(Brief descriptive captions)
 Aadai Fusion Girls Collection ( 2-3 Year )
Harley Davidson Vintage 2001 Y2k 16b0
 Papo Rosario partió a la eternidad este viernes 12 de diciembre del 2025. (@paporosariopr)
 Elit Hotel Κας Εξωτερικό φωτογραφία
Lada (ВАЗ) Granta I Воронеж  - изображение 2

...

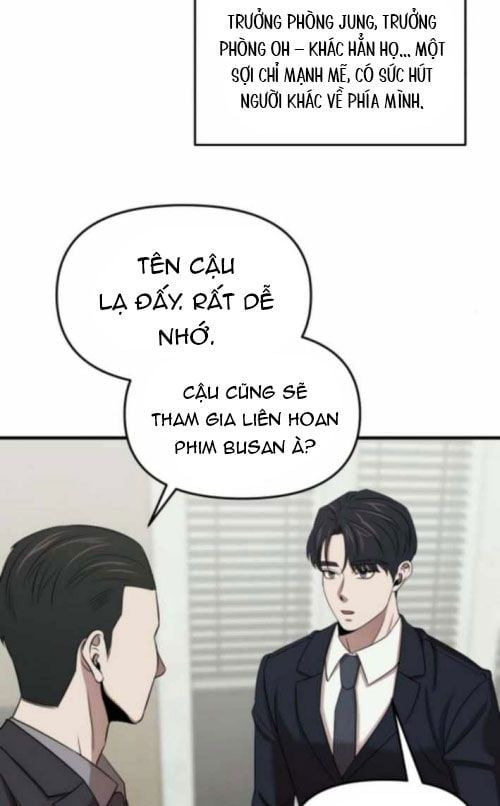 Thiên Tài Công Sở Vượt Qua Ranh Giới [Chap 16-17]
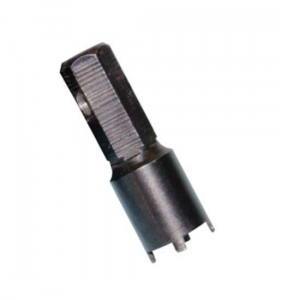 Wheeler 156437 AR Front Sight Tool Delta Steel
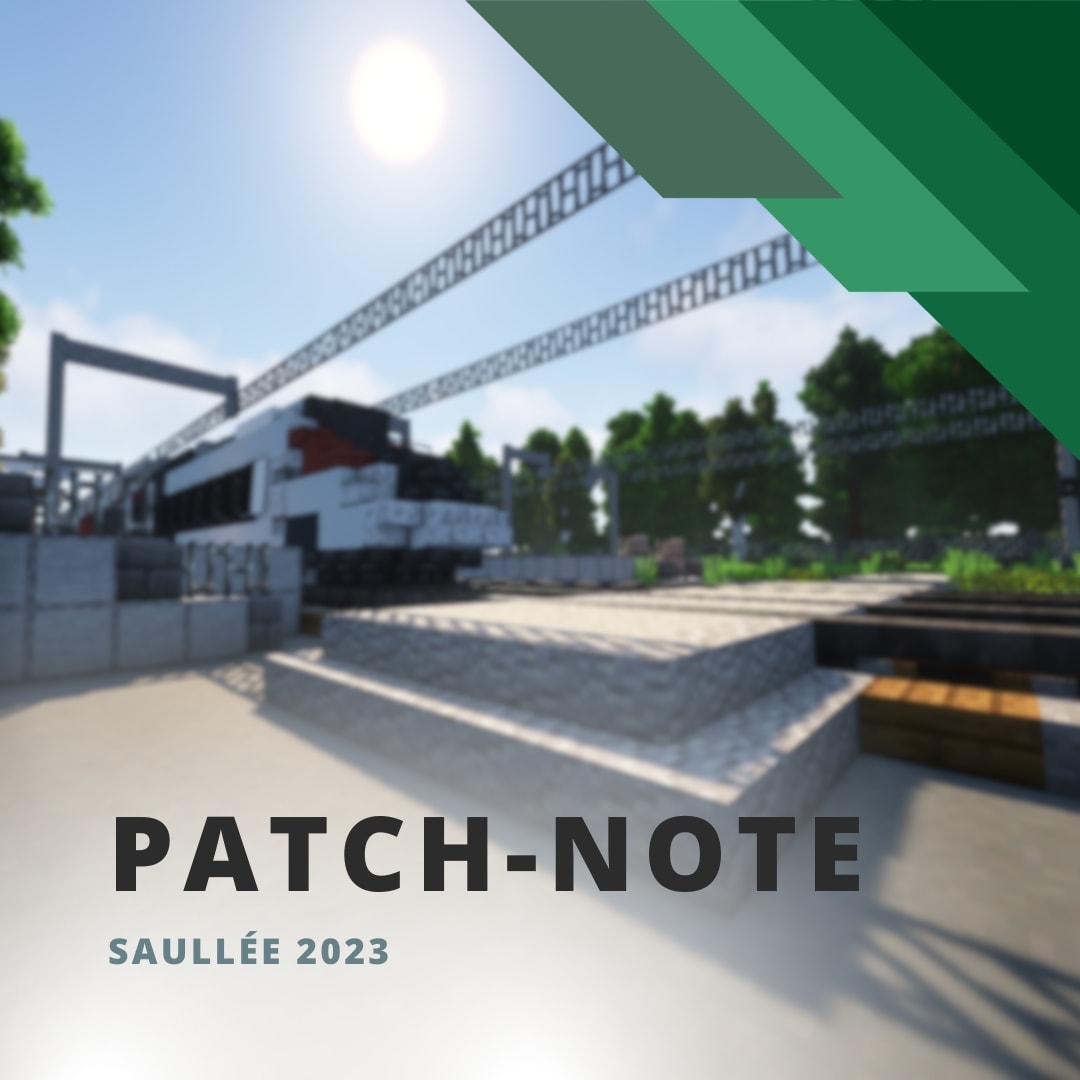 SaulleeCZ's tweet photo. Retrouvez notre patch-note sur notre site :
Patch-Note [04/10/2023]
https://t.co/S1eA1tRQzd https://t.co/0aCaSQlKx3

Action item: Between and including the line above that contains "Wheeler 156437 AR" and the line that contains "https://t.co/S1eA1tRQzd https://t.co/0aCaSQlKx3", restate every line word for word. Pictures stay out.

Response:
 Wheeler 156437 AR Front Sight Tool Delta Steel
 SaulleeCZ's tweet photo. Retrouvez notre patch-note sur notre site :
Patch-Note [04/10/2023]
https://t.co/S1eA1tRQzd https://t.co/0aCaSQlKx3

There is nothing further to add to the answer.